Respecter les candidats, c’est tout d’abord prendre en compte l’impact de ce processus sur leur organisation de vie. Selon une étude de CareerBuilder, 60% des personnes ont déjà abandonné un processus de recrutement parce qu’il était trop lourd. Alors que seulement 8% des recruteurs pense qu’un processus de candidature compliqué fait fuir les meilleurs talents. Le déroulé doit être simple et limité dans le temps, les différentes étapes étant présentées dès l’amont de manière transparente au candidat.

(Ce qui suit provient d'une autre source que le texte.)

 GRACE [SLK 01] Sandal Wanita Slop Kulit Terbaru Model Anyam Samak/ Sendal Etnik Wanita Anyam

Cela suppose que l’entreprise ait défini sans ambiguïté un certain nombre d’éléments. Les informations à communiquer au candidat. Mais aussi ce qui doit être évalué : compétences métiers, soft skills, adéquation à l’équipe, autres éléments par rapport au poste, dimensions renvoyant à la suite du parcours, etc. Et qui, du futur manager, de la DRH ou d’autres acteurs intervenant dans le processus, devra évaluer chacune des dimensions retenues, en évitant les redondances. Avec quels outils éventuels, en addition des entretiens. Notons au passage, sans vouloir polémiquer, que le caractère prédictif de certains tests ou outils « sur étagère » n’a pas plus été démontré que celui de la graphologie, encore omniprésente dans le recrutement en France il y a une vingtaine d’années.

Une relation pleinement responsable

Le ressenti du candidat dépendra en premier lieu des comportements de ses interlocuteurs dans l’entreprise. Ce qui suppose que ceux-ci aient été formés à adopter une posture équilibrée et respectueuse avec chaque candidat durant tout le processus.

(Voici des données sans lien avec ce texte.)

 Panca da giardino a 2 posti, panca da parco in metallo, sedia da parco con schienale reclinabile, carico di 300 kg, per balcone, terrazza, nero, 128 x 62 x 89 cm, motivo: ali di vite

Cela doit aller jusqu’à assurer au candidat non retenu un feedback argumenté sur les raisons de la décision. Le caractère chronophage de cette approche est tout relatif, un quart d’heure suffisant à formaliser ce feedback, à rapprocher des 4 ou 5 heures que les acteurs de l’entreprise auront consacrées à organiser et à réaliser les entretiens. S’engager à assurer ce retour à chaque candidat non retenu en lui fournissant ces éléments de développement est un moyen de pousser les différents acteurs à objectiver leur évaluation. Des phrases telles que « Je ne le sens pas » ou « Je ne me vois pas travailler avec lui » ne sont plus acceptables. Cette approche fera de certains candidats non retenus des ambassadeurs de l’entreprise, au regard de l’expérience qu’ils auront vécue.

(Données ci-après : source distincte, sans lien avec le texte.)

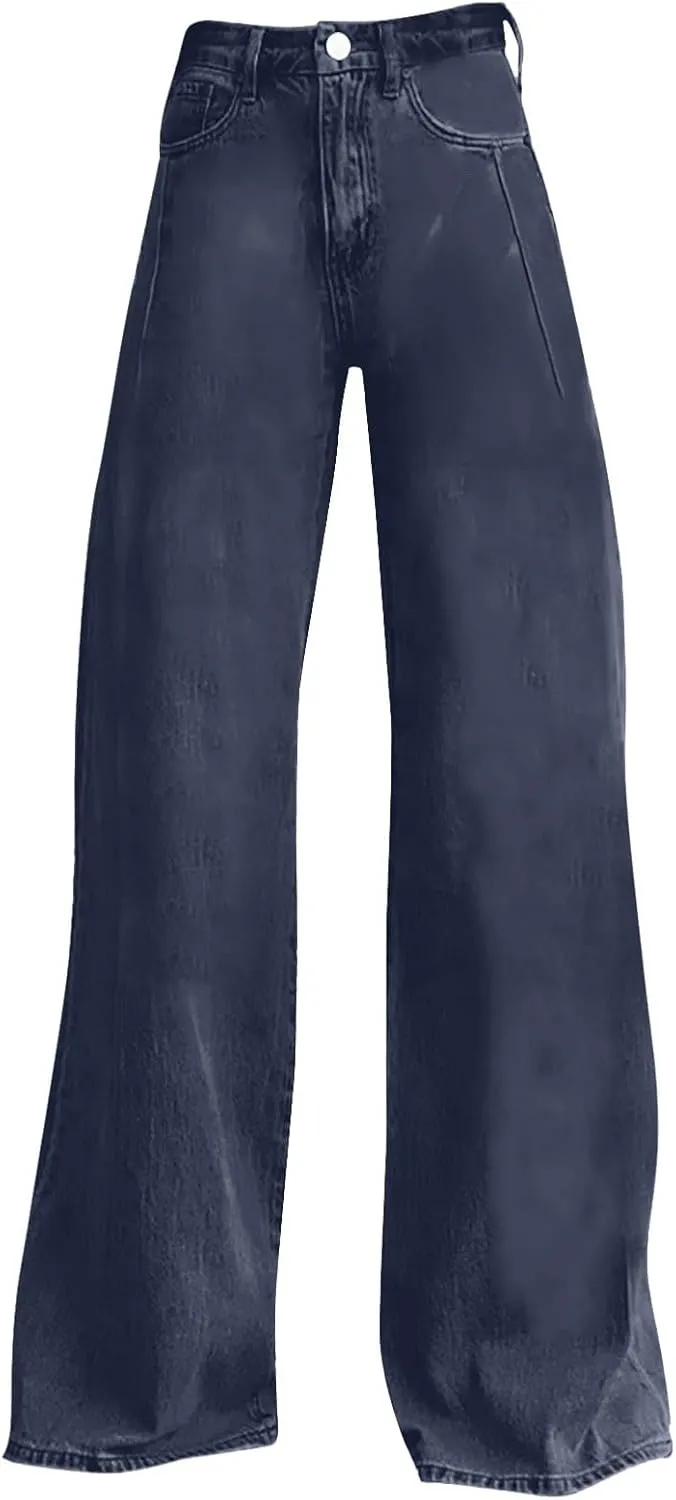 Flare Jeans for Women Wide Leg Baggy Pant 2025 Casual Summer High Waisted Straight Y2K Streetwear Denim Pants with Pockets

Avec le candidat retenu, restera à assurer la période intermédiaire et l’intégration pour qu’elles soient aussi qualitatives et riches humainement. Des entreprises comme Saur ou Rémy Cointreau sont allées jusqu’à supprimer la période d’essai, considérant que la qualité de leur sélection le leur permettait et adressant un message de confiance au candidats embauchés. Toujours dans une optique de qualité de l’expérience, l’entreprise devra avoir reconfiguré son processus d’onboarding en distinguant ce qui doit être automatisé et ce qui doit au contraire être réhumanisé.

Les conséquences de l’inaction

Certains utiliseront comme prétexte à l’inaction les comportements inacceptables de certains candidats : no-show à un entretien voire à la prise de poste, ghosting, etc. Ces comportements existent, mais l’entreprise doit-elle pour autant pratiquer elle aussi ces dérives ? Ce n’est certes pas parce qu’elle se comportera de manière respectueuse que le candidat lui rendra la pareille. Mais a contrario, comment attendre de celui-ci certaines attitudes lorsque celles des acteurs du recrutement sont contraires ? Si l’entreprise veut faire face à la situation aggravée de pénuries qui s’annonce, elle se doit d’agir.

D’autant que les conséquences d’un processus de sélection défaillant ne se limitent pas aux équipes incomplètes. Selon une étude de Cegid, 72% des candidats qui ont eu une mauvaise expérience candidat ont partagé cette expérience négative en ligne ou directement avec quelqu’un. « Un client maltraité, c’est un client perdu. Mais un candidat maltraité, c’est dix clients perdus. » affirmait récemment le DG d’une entreprise du secteur de la distribution.